The digallane molecule, Ga2H6: experimental update giving an improved structure and estimate of the enthalpy change for the reaction Ga2H6(g) → 2GaH3(g)

Abstract

Improved methods of analysis and new quantum chemical calculations have been applied to the results of earlier gas-phase electron diffraction (GED) studies of digallane to give what is judged to be the most realistic structure available to date. The principal distances (r(a3,1) in pm) and interbond angles (angle(a3,1) in deg) are as follows (t = terminal, b = bridging): r(Ga...Ga) 254.9(2), r(Ga-H(t)) 155.0(6), r(Ga-H(b)) 172.3(6), angleGa-H(b)-Ga 95.4(5), and angleH(t)-Ga-H(t) 128.6(9).

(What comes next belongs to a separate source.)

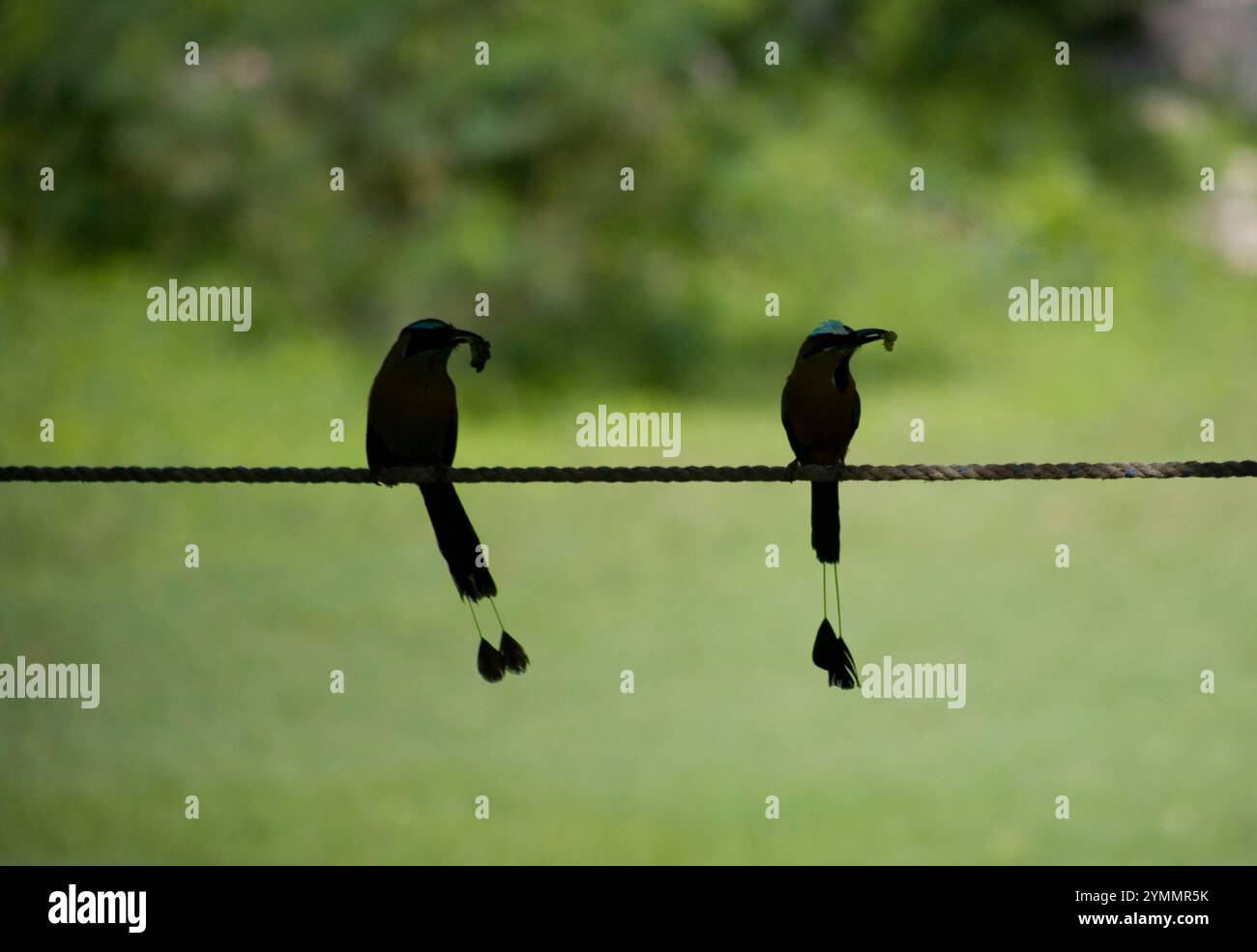 Due Motmot turchesi si aprono su un filo nella città maya di Mayapan nella penisola dello Yucatan, Messico Foto Stock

Scrutiny of the IR spectra of solid Ar matrices doped with the vapour above solid samples of gallane at temperatures in the range 190-220 K reveals the presence of not only Ga(2)H(6) as the major component, but also a significant fraction of the monomer GaH(3). Analysis of the relative proportions of the two molecules evaporating from the solid at different temperatures has led to a first experimental estimate of 59 +/- 16 kJ mol(-1) for the enthalpy change associated with the reaction Ga(2)H(6)(g) --> 2GaH(3)(g). Together with a value of 52 kJ mol(-1) delivered by fresh calculations at the MP2 level, this implies that the stability of the dimer with respect to dissociation has been overrated by earlier theoretical treatments.